# Biorb & dart frogs?



## dexter35yrs (May 22, 2011)

hi people i am looking for advice regarding dart frogs - would a spherical biorb be a good home? i want it to be a main feature ,obviously if an experienced keeper said it would'nt be good i would then reassess the situation. hope someone can advise thanks


----------



## ldnessexreps (Jan 11, 2011)

*hop i can help*

how many frogs and wat size orb?

i wud recomend a rectangle one or square as u can put climbing branches and the forgs have more space to climb


----------



## dexter35yrs (May 22, 2011)

hi im looking at two to start possibly red eyed - just been to stockport pet warehouse and had a chat with the owner he said it maybe possible to use a biorb with heated water in the bottom - rather than using a heat mat.
he's got some tri-colors in a nice setup croaking away which i like the look of.
orb size 60-90 litre , i wanted an orb to use a a feature-
i'm new to this so thats why i am looking for people with experience so any help would be most welcome.
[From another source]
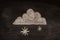Icon for weather forecast, cloudy, snowy, chalk drawn on blackboard.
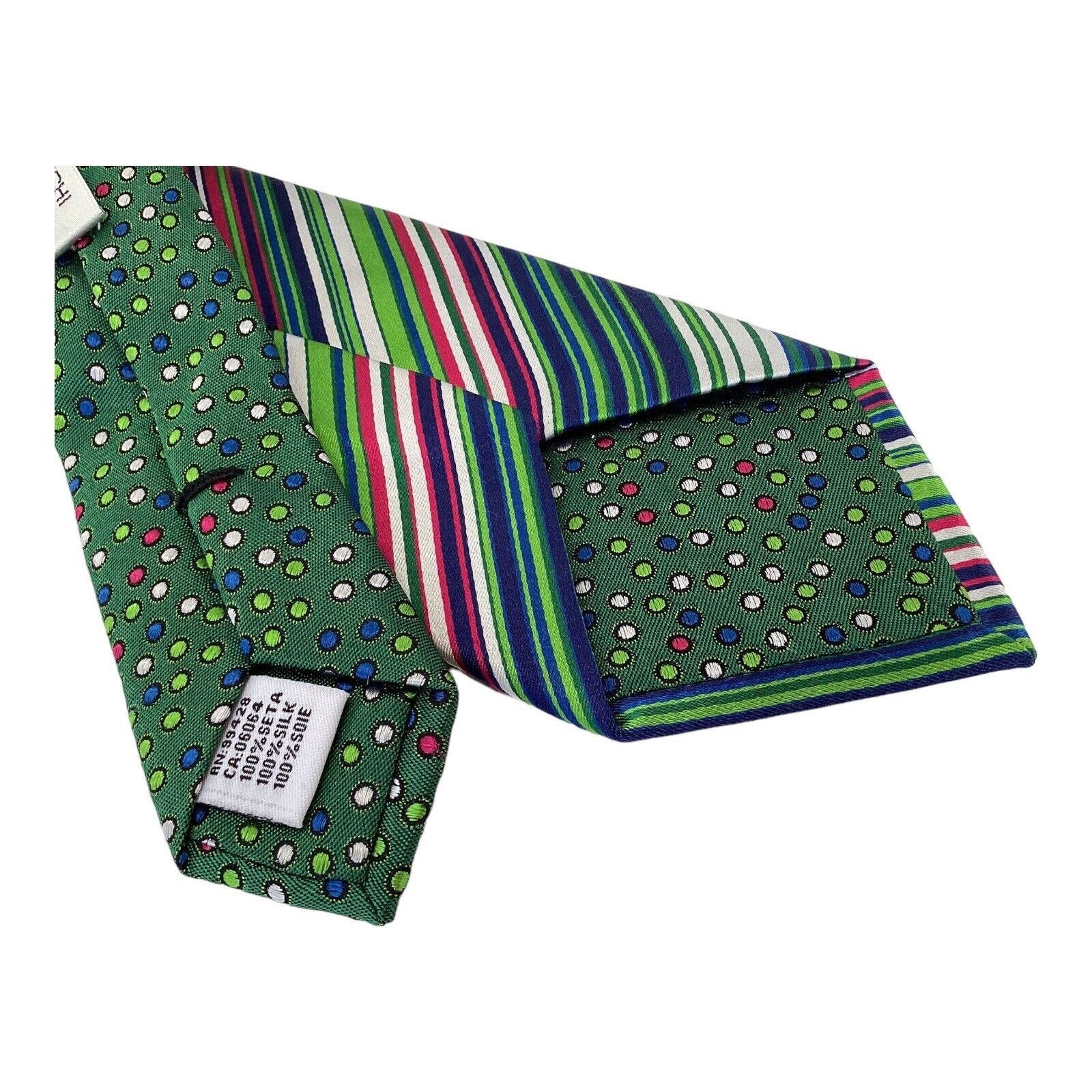 BUGATCHI BUGATCHI Green Striped Luxury Designer Silk Tie Made In Ital Size ONE SIZE - 4 Thumbnail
can anyone give a breakdown of essentials to start off with thanks


----------



## Arcadiajohn (Jan 30, 2011)

Hello, 

I strongly advise that you don't try this! Firstly the all important ventilation on a biorb is truly shocking. Amphibs need great airflow to help against moisture build up and stale water.

Secondly you cannot fit a u.v lamp into one of these type of enclosures. Have a look on the amphib section on RFUK for lighting details and it's importance. 

Most frogs will actually drown if water is provided. Anyone who has tried to keep tree frogs in the old wet environment way will know this to their loss.

I can't think of a safe way of heating one,

I think you can make an extremely attractive feature that will be much easier to look after and cause your animals to thrive with standard amphib housing. Maybe have a word with spikebrit, he is very knowledgable about attractive vivs, lighting and amphibs.

Good luck, I'm more than happy to help if I can

John courteney-smith. Arcadia products "light for life"!


----------



## Nix (Jan 23, 2008)

I would echo what John has said. RETF's are particularly fragile so their husbandry needs to be 100% spot on. If you have never had a frog before these aren't the best to start with. 

Have a read in the 'phib section


----------



## thething84 (Apr 26, 2010)

i would say no aswell. Biorbs are extreamly expensive for what they are, To Be Honest they are no much good for keeping fishing in let alone for converting to keep anything else in!


----------



## dexter35yrs (May 22, 2011)

just an update did a lot more reading, bought a full exo setup from a fellow member , so ill tweek it to suit before getting my frogs, thanks for all advice given


----------